**INSTRUCTIONS TO FOLLOW:**
Your answer must be an exact transcription of the data, with every picture omitted.

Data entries
——
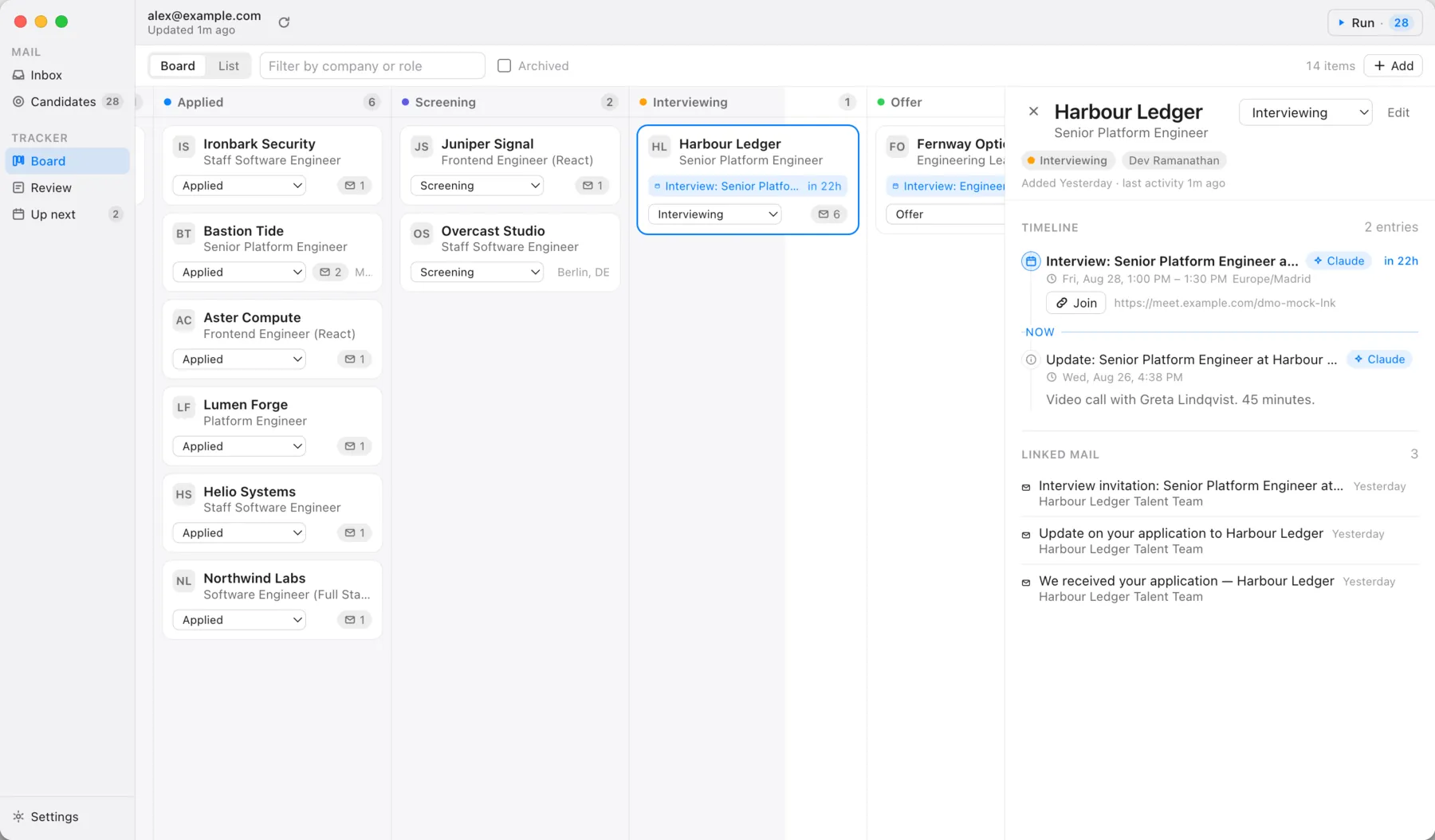 An application open beside the board. The detail pane shows Quillstone, Founding Engineer, Remote, currently Interviewing, with a timeline holding the scheduled interview and its meeting link, a note about when the process resumes, and the three emails linked to this application.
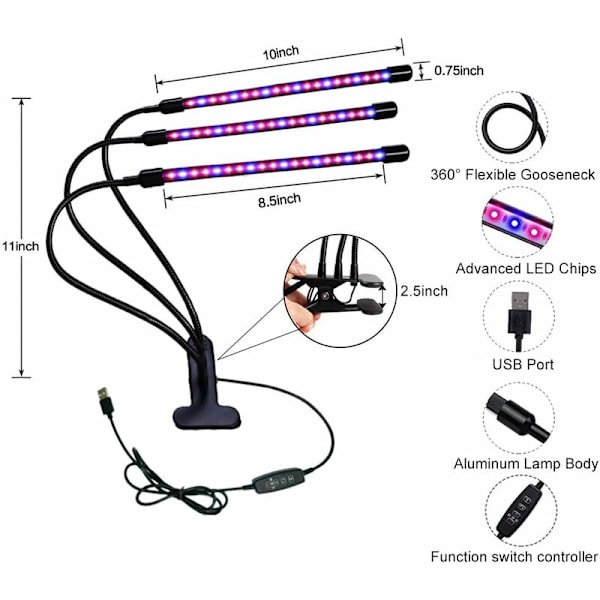 Växtlampa, 60 LED Fullspektrum Justerbar Hortikulturlampa Klämma-på Växtlampa med 3 Timer och Auto PÅ/AV Funktion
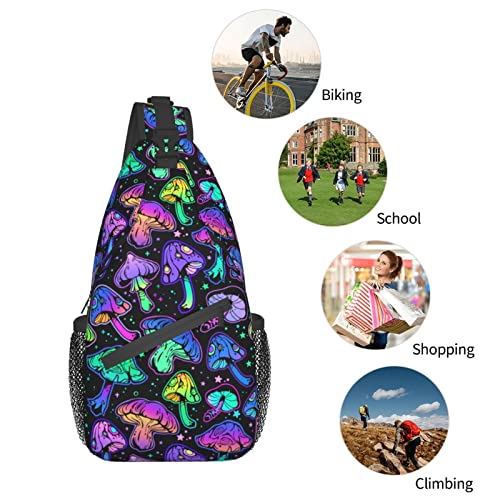 Bright Psychedelic Mushrooms Chest Bags Cool Crossbody Sling Bag Travel Hiking Backpack Casual Shoulder Daypack For Women Men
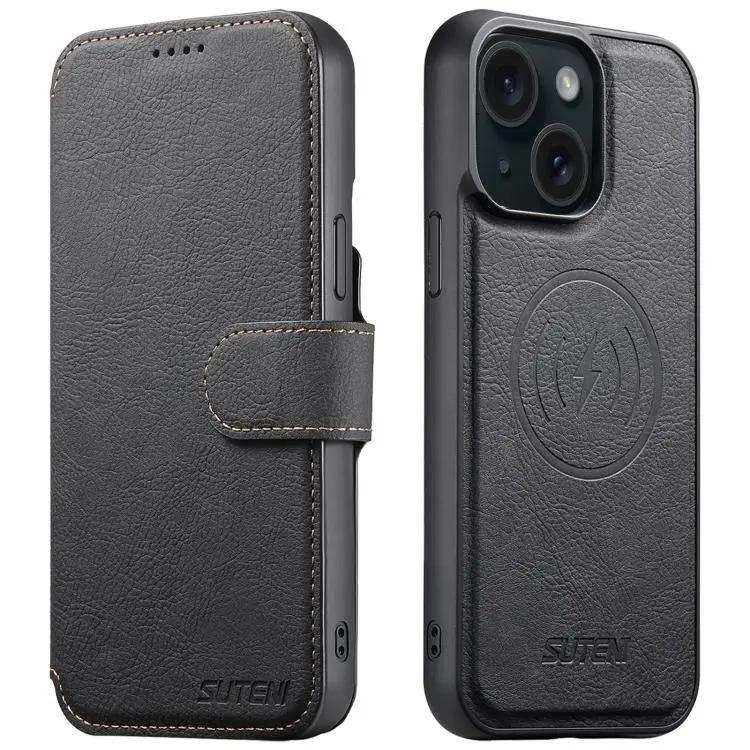 Suteni Q05 2-in-1 Multi-function MagSafe Wallet Litchi Leather Phone Case Suteni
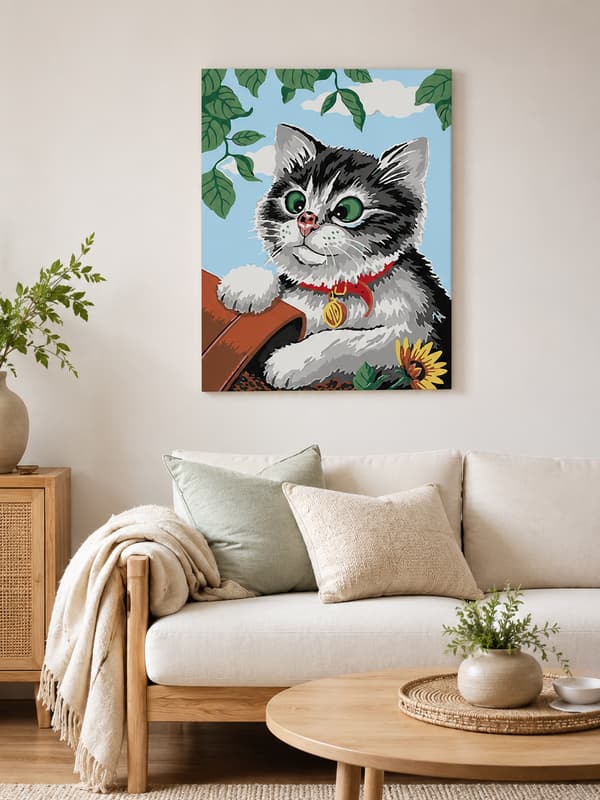 MALING EFTER TAL MED RAMME Billeder til maleri - Sjov kat 40 x 50 cm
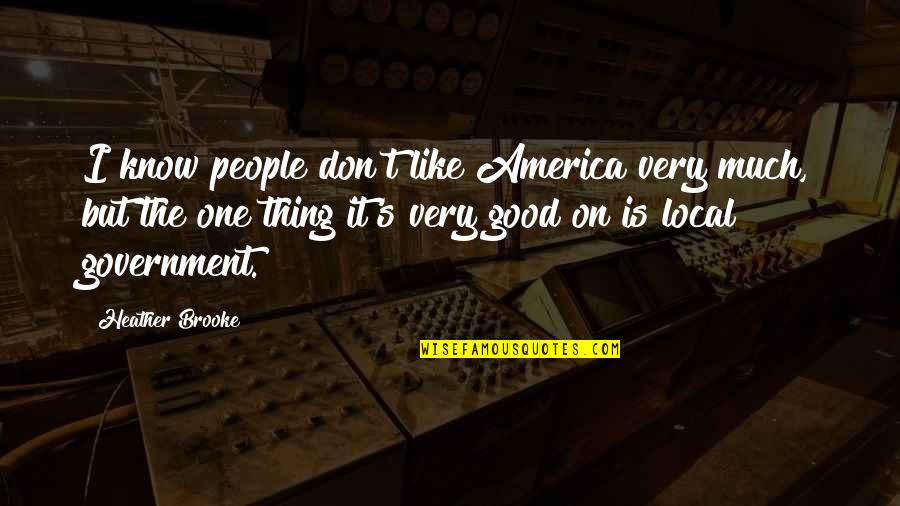 It Local Quotes By Heather Brooke: I know people don't like America very much,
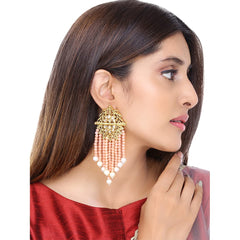 Yellow Chimes Ethnic Gold Plated Kundan Studded Peach Pearl Dangler Earrings for Women and Girls, Peach, Gold, Medium (YCTJER-82KUDHNG-PCH)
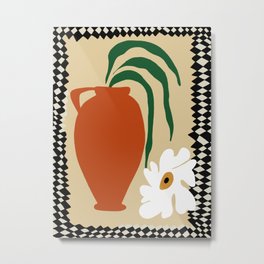 Happy flower fall pottery  Metal Print | Pottery, Terra Cotta, Digital, Boho, Midcentury, Nature, Pot, Vase, Tropical, Holiday 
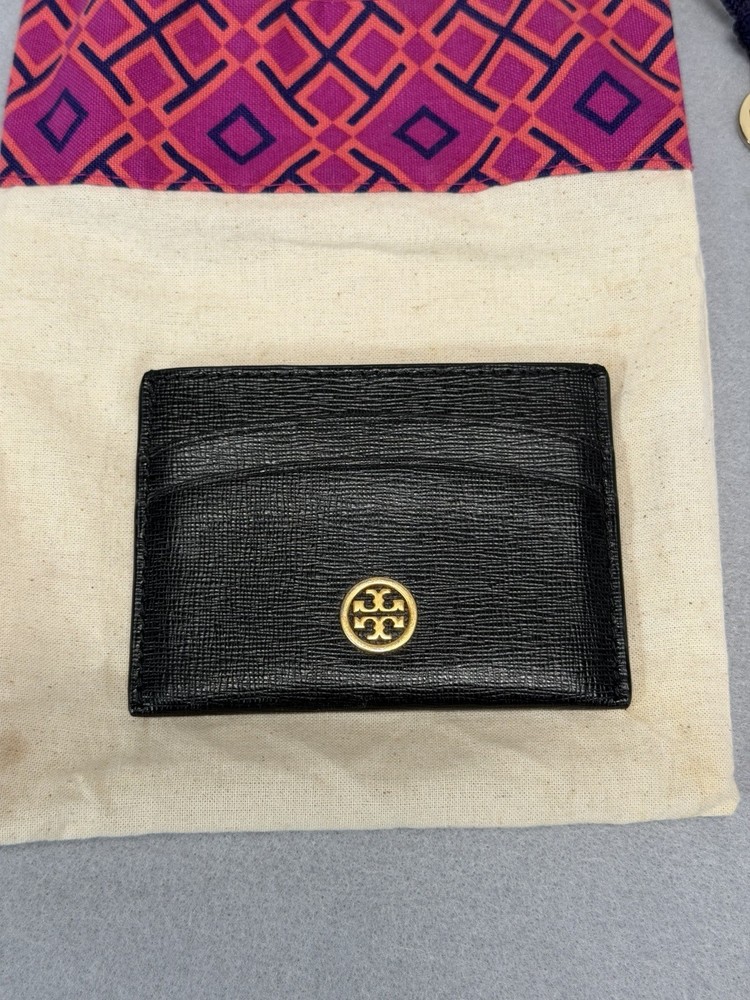 Tory Burch Robinson Leather Card Case Black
——
**RESPONSE AREA:**
 An application open beside the board. The detail pane shows Quillstone, Founding Engineer, Remote, currently Interviewing, with a timeline holding the scheduled interview and its meeting link, a note about when the process resumes, and the three emails linked to this application.
 Växtlampa, 60 LED Fullspektrum Justerbar Hortikulturlampa Klämma-på Växtlampa med 3 Timer och Auto PÅ/AV Funktion
 Bright Psychedelic Mushrooms Chest Bags Cool Crossbody Sling Bag Travel Hiking Backpack Casual Shoulder Daypack For Women Men
 Suteni Q05 2-in-1 Multi-function MagSafe Wallet Litchi Leather Phone Case Suteni
 MALING EFTER TAL MED RAMME Billeder til maleri - Sjov kat 40 x 50 cm
 It Local Quotes By Heather Brooke: I know people don't like America very much,
 Yellow Chimes Ethnic Gold Plated Kundan Studded Peach Pearl Dangler Earrings for Women and Girls, Peach, Gold, Medium (YCTJER-82KUDHNG-PCH)
 Happy flower fall pottery  Metal Print | Pottery, Terra Cotta, Digital, Boho, Midcentury, Nature, Pot, Vase, Tropical, Holiday 
 Tory Burch Robinson Leather Card Case Black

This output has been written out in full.